Berry, J.
This appeal involves an investigatory stop and frisk in the context of rapidly unfolding events, commencing with a report of shots fired, fleeing suspects, a fleeting view by an eyewitness yielding only a fragmentary description of the shooter, quickened police patrol of the subject area, followed, within moments, by a stop on the street of a suspect believed to be armed and dangerous and, then, a patfrisk which in fact [551]*551yielded a weapon.1
2The defendant contends that there was not reasonable suspicion to justify the stop and link him, by constitutionally sufficient markings, to the criminal activity of the shots fired in the park. We conclude that the police actions met constitutional measure, and, accordingly, we affirm the denial of the defendant’s motion to suppress.
1. Background precedent to the stop? At approximately 3:24 a.m. on January 9, 1998, the Boston police radio turret broadcast a report of gun shots at the M Street Park in South Boston. The dispatch to cruisers patrolling the area advised of a just-received 911 call from an identified citizen-witness to the gun fire. The dispatcher reported to the cruisers on patrol that a witness, whose residence was directly across the street from the park, had heard, and called the police to report, “shots fired” in the park.3 The bulletin to the cruisers stated that the witness had seen two male suspects dressed in black clothing leaving the park and heading down Second Street in the direction of L Street. The dispatcher immediately directed three cruisers to patrol the area. Officer Young was in one of those cruisers. A different officer, on patrol in a separate cruiser, inquired via radio transmission back to the dispatcher whether the witness was identified and requested confirmation of that point and any further detail that might be garnered. The dispatcher called the witness back and asked for additional information. In a second broadcast, the dispatcher relayed to the cruisers on patrol that the witness saw two males leaving the park, but the witness “couldn’t see any faces, just males dressed in black.”
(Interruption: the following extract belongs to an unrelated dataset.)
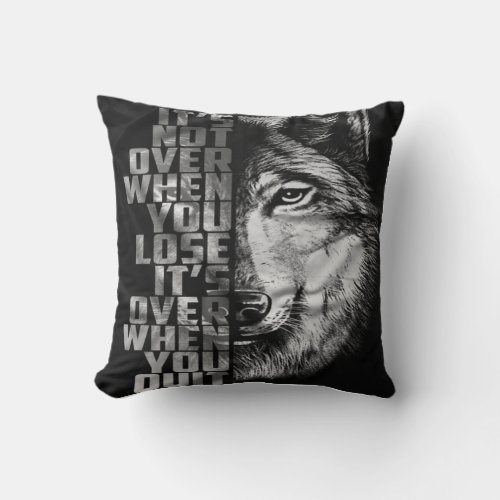 Motivational grey wolf throw pillow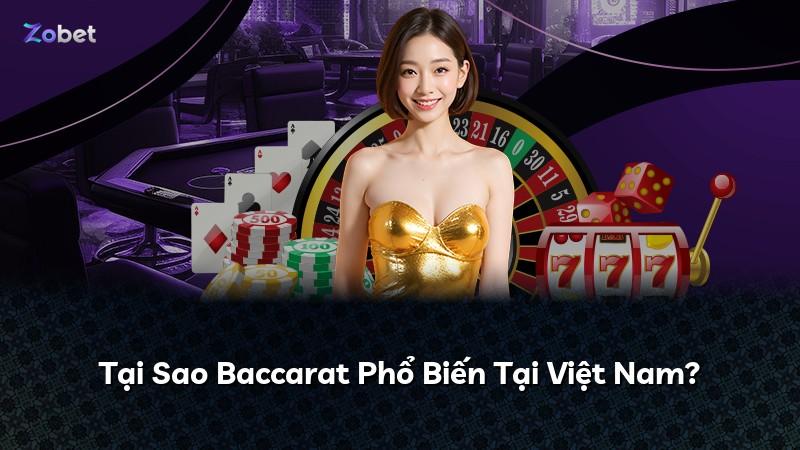 Tại Sao Baccarat Phổ Biến Tại Việt Nam?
Two minutes after the initial broadcast, at approximately 3:26 a.m., the turret transmitted another broadcast, reporting that an officer had stopped and frisked a man found on Second Street [552]*552between M Street and L Street. The location of this encounter was approximately 30 yards from the park.4 That officer relayed to the home-base turret, “this kid has no weapon on him so there still might be one or more out there floating around with a gun.” After a brief inquiry and computer check, the officer determined that the youth who had been stopped, identified as Kevin Akerley, was not one of the suspects. Akerley, however, had relevant information and stated he had just seen two men continuing down Second Street in the direction of L Street. This information was also radioed back to the turret and transmitted to the cruisers on patrol.
Officer Young, having heard all of these bulletins, directed his patrol over a grid pattern, cruising the street blocks covering the area of Second Street and its intersecting streets, K Street to I Street, as well as the parallel streets of East Broadway and Third Street. By calibrating the time since the shooting and the distance from the park, Young calculated this segment of the grid would encompass the range that a person could reach from the park. The streets were deserted; Young saw no person within the initial sweep of this several block grid. Then, at approximately 3:36 a.m., twelve minutes after the original bulletin, as Young turned back onto Second Street from I Street, he saw the defendant walking on the left side of Second Street. The defendant was wearing a dark navy blue nylon jacket and blue jeans. This location was approximately one half mile from the park — within the zone reachable by Young’s distance calculations.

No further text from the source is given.